Faith leaders were encouraged to establish liaisons with local law enforcement, and Harrington urged them to not feel like a call to police is an inconvenience to the agency. Federal authorities also joined private security instructors for talks around partnering with law enforcement and a community awareness briefing.

The forum was the clearest sign yet that law enforcement agencies in Minnesota are increasingly seeing the security of faith institutions as a growing responsibility. At one point during the meeting, Bloomington Police Chief Jeff Potts likened the response to the massive security upgrades at schools that followed the 1999 Columbine shootings.

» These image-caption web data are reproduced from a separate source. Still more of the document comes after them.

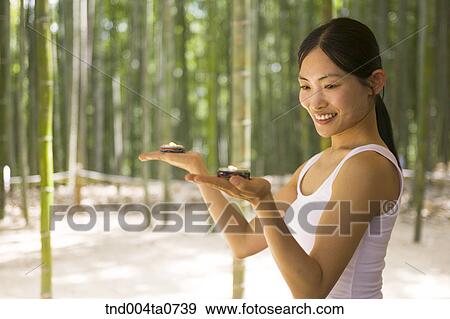 a woman holding aromatic candles in a bamboo tree forest View Large Photo Image Stock Photo - a woman holding aromatic candles in a bamboo tree forest. Fotosearch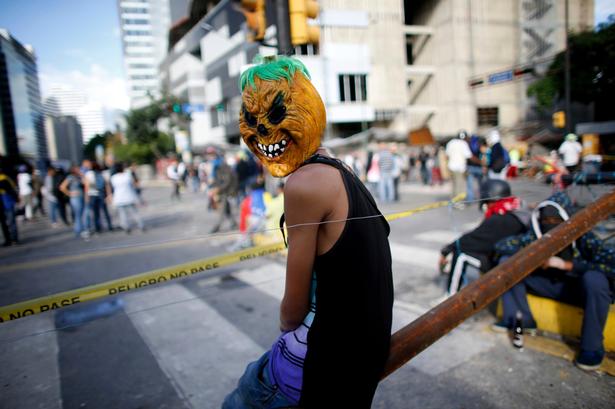 Flere af demonstranterne bærer masker. Her hviler demonstranter bag en af deres mange barrikader på valgdagen. 

Mange tomme valgsteder søndag peger på, at mange valgte en stille protest, ved at blive væk fra stemmeurnerne.  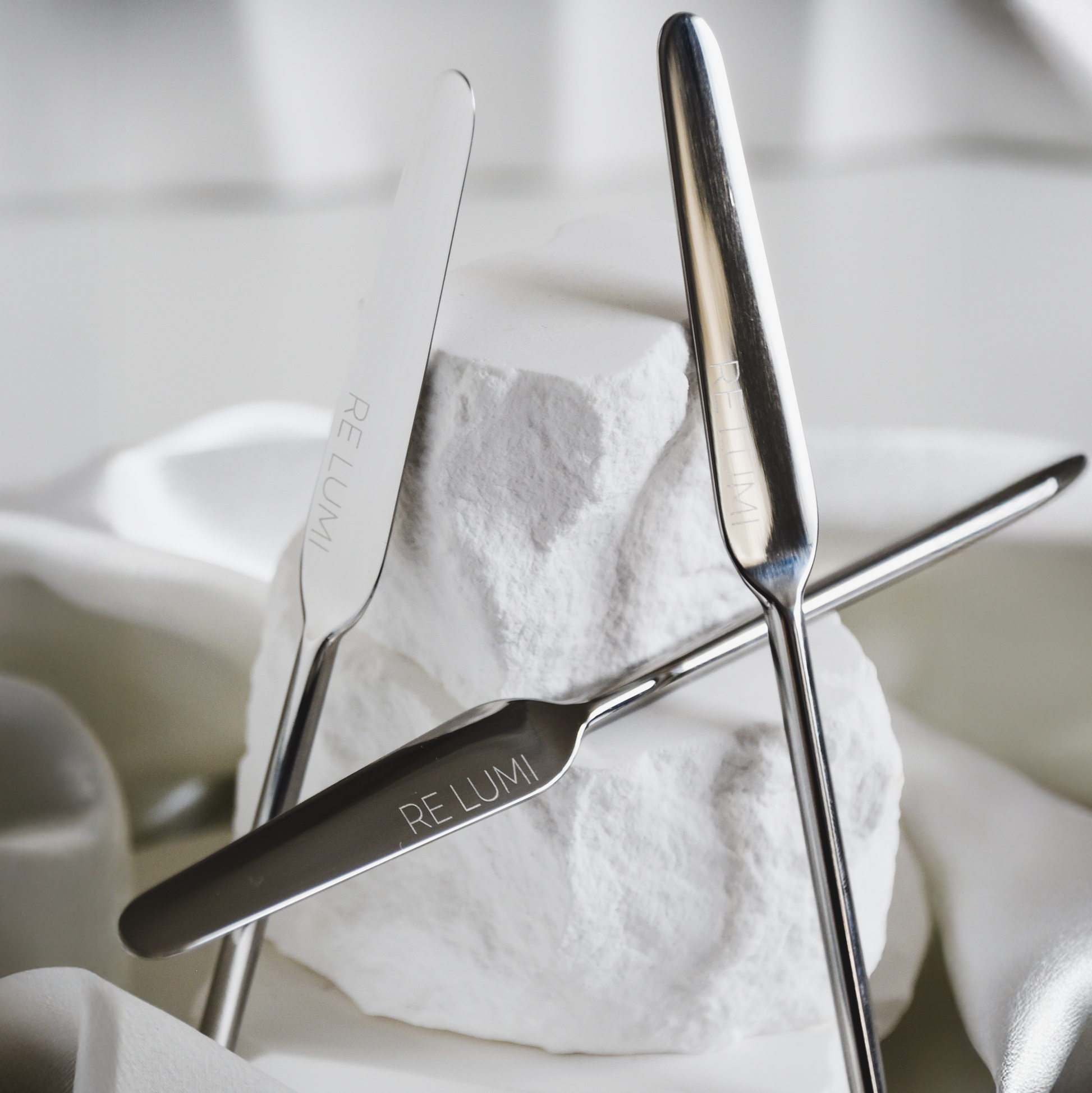 Stainless Spatulas with 'RE LUMI' branding on a white background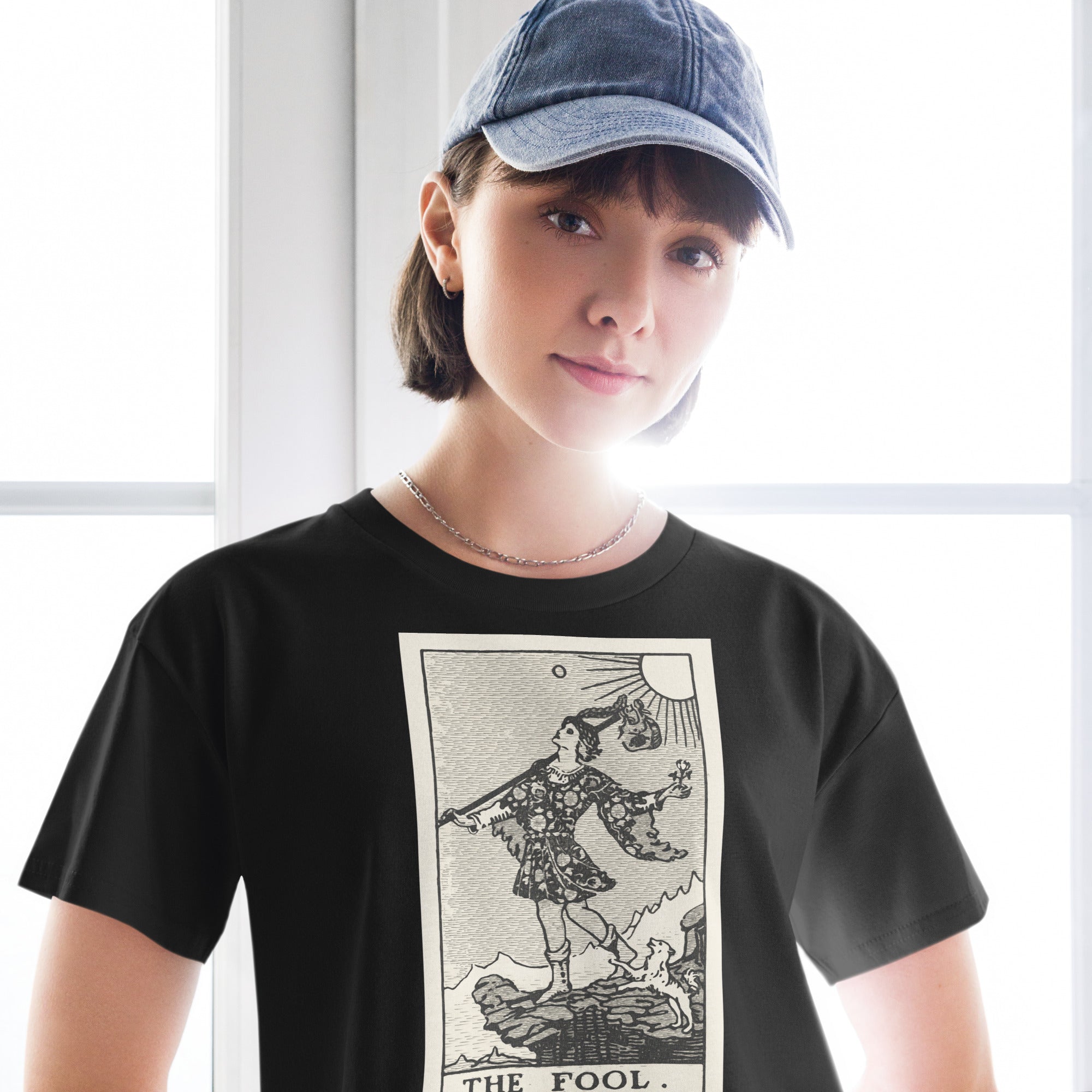 Cropped cotton t-shirt featuring The Fool tarot card rendered in modern woodcut style.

“In our First Amendment is the basis for the separation of church and state, and so sometimes we don’t think about government as being involved … ,” said Drew Evans, superintendent of the Minnesota Bureau of Criminal Apprehension. “But in that same amendment is our freedom to worship and freedom of religion, and we need to be doing everything we can as a government to ensure that the freedom of religion exists so that people have the ability to worship freely and … in peace.”

Harrington plans to lobby the Legislature again for more security grant funding to bolster defenses at places of worship. Some, like Dar Al-Farooq, have had to get creative to protect buildings that can be occupied for as long as 16 hours on a given day. A private company helped install a system there that can fire chemical irritants at would-be shooters. Bloomington police and Homeland Security have also helped perform threat assessments and staged an active-shooter drill last Ramadan.

The connection to law enforcement “helped us more to recover from our big loss of sense of security that we went through,” said Mohamed Omar, the center’s executive director.